While seeking to switch the spotlight on to policy and away from sniping about his performance the Labour leader promised a new crackdown on companies and individuals who avoid tax.
In what the Independent's chief political commentator John Rentoul described as a re-run of his conference speech, here are seven things Mr Miliband said (while reading from an autocue)...
1. On his leadership crisis
You know there is a saying that goes: “What doesn’t kill you makes you stronger.” Being leader of the opposition, particularly in the last few days, I know what it means. You need resilience in this job. You need thick skin. But above all, you need belief in what you are doing. Not belief based on a longing to have a picture on the wall in Downing Street. Not belief driven by a sense of entitlement, that it is somehow Labour’s turn. Instead, belief driven by how we must change the country.
2. On political opponents
We’re in a fight not because our opponents think we’re destined to lose the election. But because they fear we can win. And between now and the election they are going to use every tactic to try to destabilise, distract us and throw us off course. Our task, the task for every person in this party, is simple: To focus our eyes on the prize of changing this country.
3. On inequality
Now I have heard some people say they don’t know what we stand for. So let me take the opportunity today to spell it out in the simplest of terms ... This country is too unequal. And we need to change it … So it starts with one core belief. Our country only works for the privileged few today, not for most people.

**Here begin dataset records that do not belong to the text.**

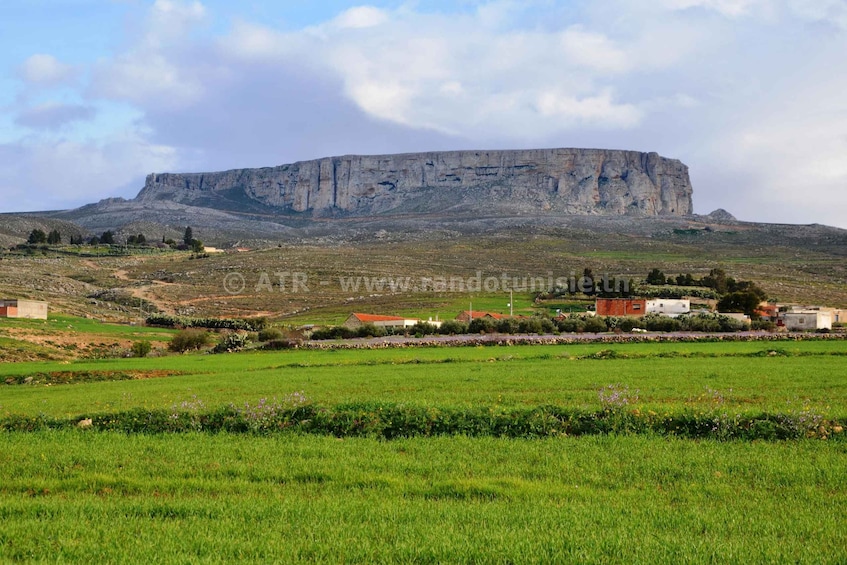 Picture 6 for Activity From Tunis: Day Trip to Kef & Jugurtha Tableland with Lunch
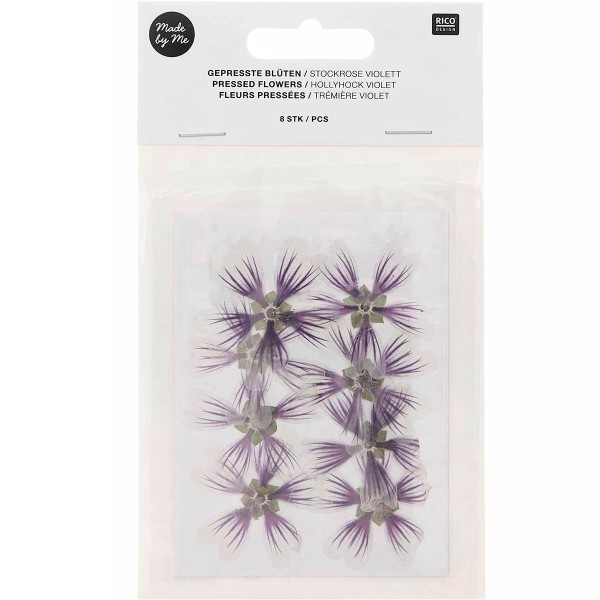 Fleurs pressées - Trémière violet - Ø 4 cm - 8 pcs - Photo n°1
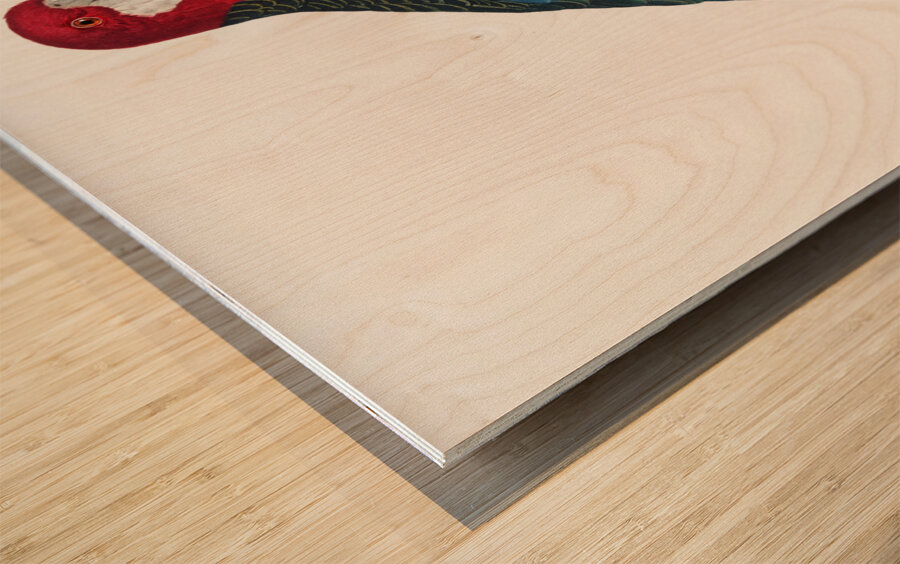 Eastern rosella  Wood print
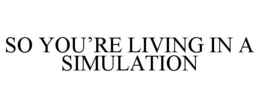 SO YOU'RE LIVING IN A SIMULATION trademark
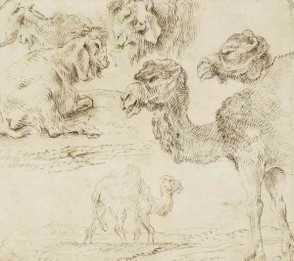 Giovanni Benedetto Castiglione, Studies of dromedaries and goats,c 1630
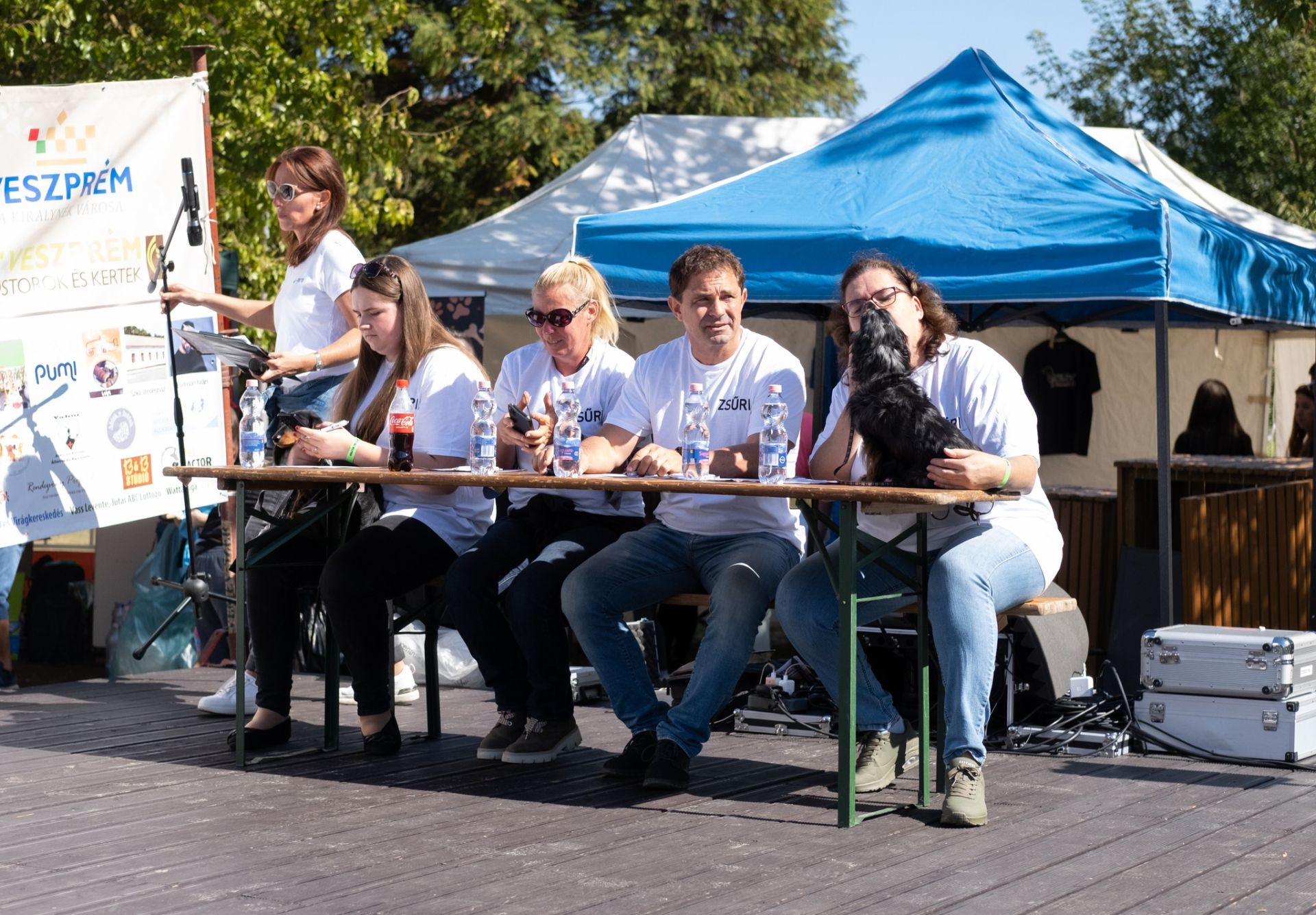 Tacsi Tali Veszprém 2024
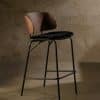 Sitz und Lehne Buche vintage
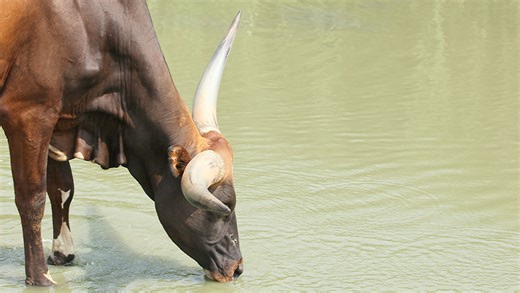 Futures Rise; AI Disruption Fears Slam These Stocks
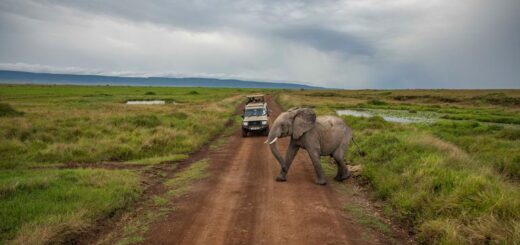 Tansania Gruppenreise | Tinta Tours Erlebnisreisen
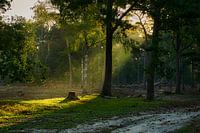 Schönes Licht im frühmorgendlichen Nebel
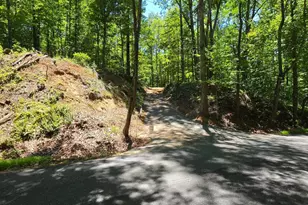 0 Thoroughfare Rd, Brightwood, VA 22701 - Photo 1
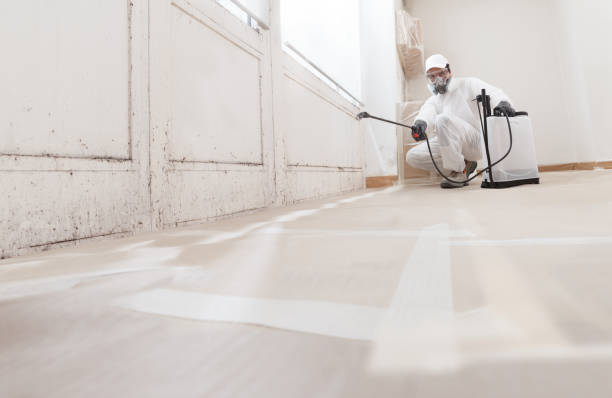 Black mold remediation team in Kennedyville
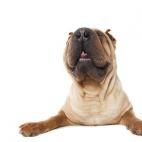 5c8ab4fe2500000a06819761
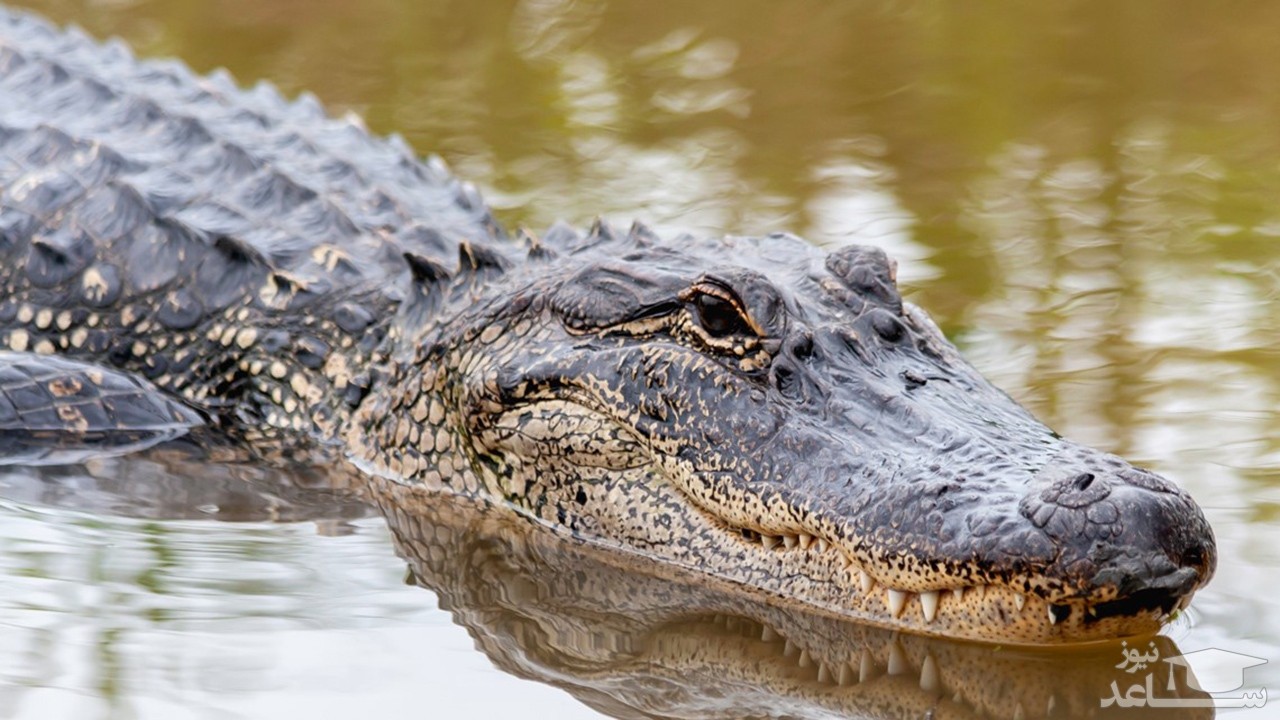 (فیلم) حمله تمساح به یک شناگر در دریاچه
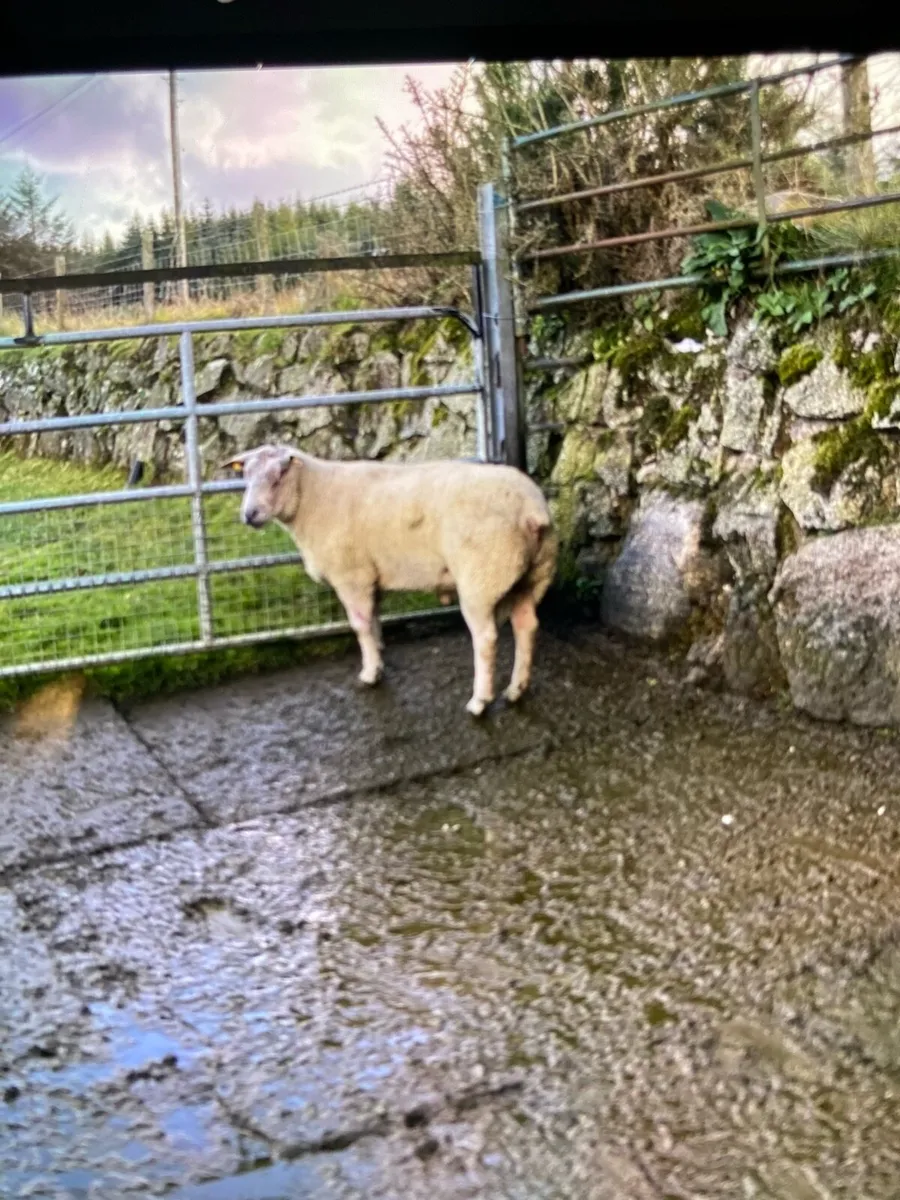Sheep - Image 3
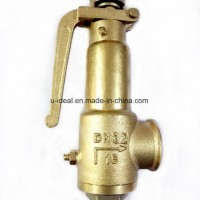 Pressure Reducing Valve for Steam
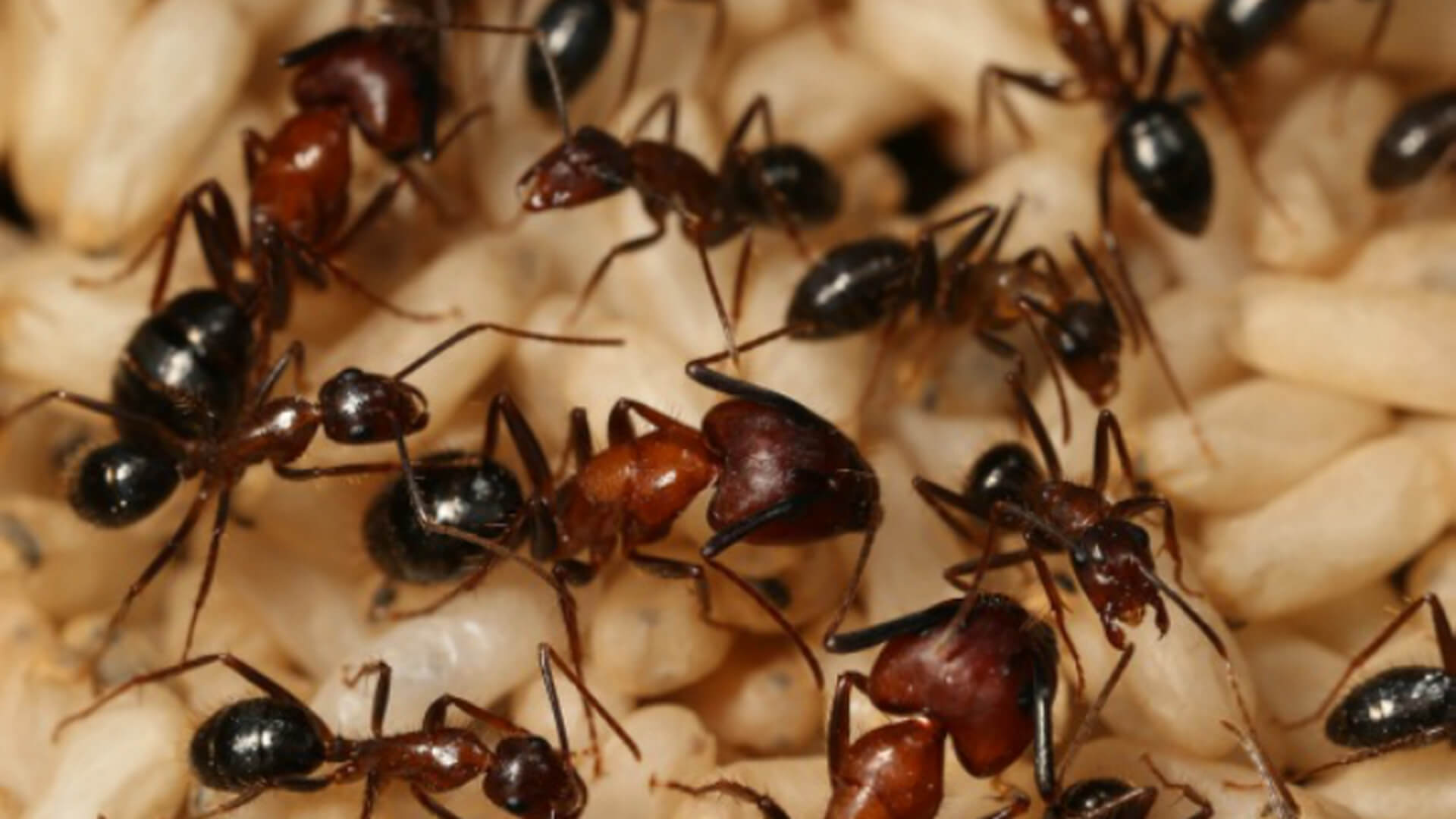 Den koloni av myror ha minnen, som själva inte har myror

4. On the “zero-zero” economy
It is about: … People making a decent living but who can’t afford to buy a home of their own. People who worry that one of the foundation stones of their security – the NHS – is under threat. People asking why they are on zero hours contracts while some of those at the top get away with paying zero tax.
5. On the economic system
This inequality is not some accident. It is driven by beliefs about how you run countries and how we should run Britain. Wrong beliefs. Beliefs that have had their time. The belief that insecurity is the way you make working people work harder. The view that low pay is the only way we can compete in the world. The idea that markets will always get the right outcome, even if that means powerful interests have all the power.
6. On his own values
Here’s what I believe… Security. Hard work rewarded. Vested interests made to work in the public interest. Public services there when you need them. And a country succeeding together, not ripped apart. Labour values. The values of the British people. The values that will win us the general election.
7. On next year's election
The Tories have no answers to the discontent people feel. UKIP have wildly wrong answers to that discontent. And who knows what one can say about the Liberal Democrats? Friends, I say we can take this lot apart and it is time we did.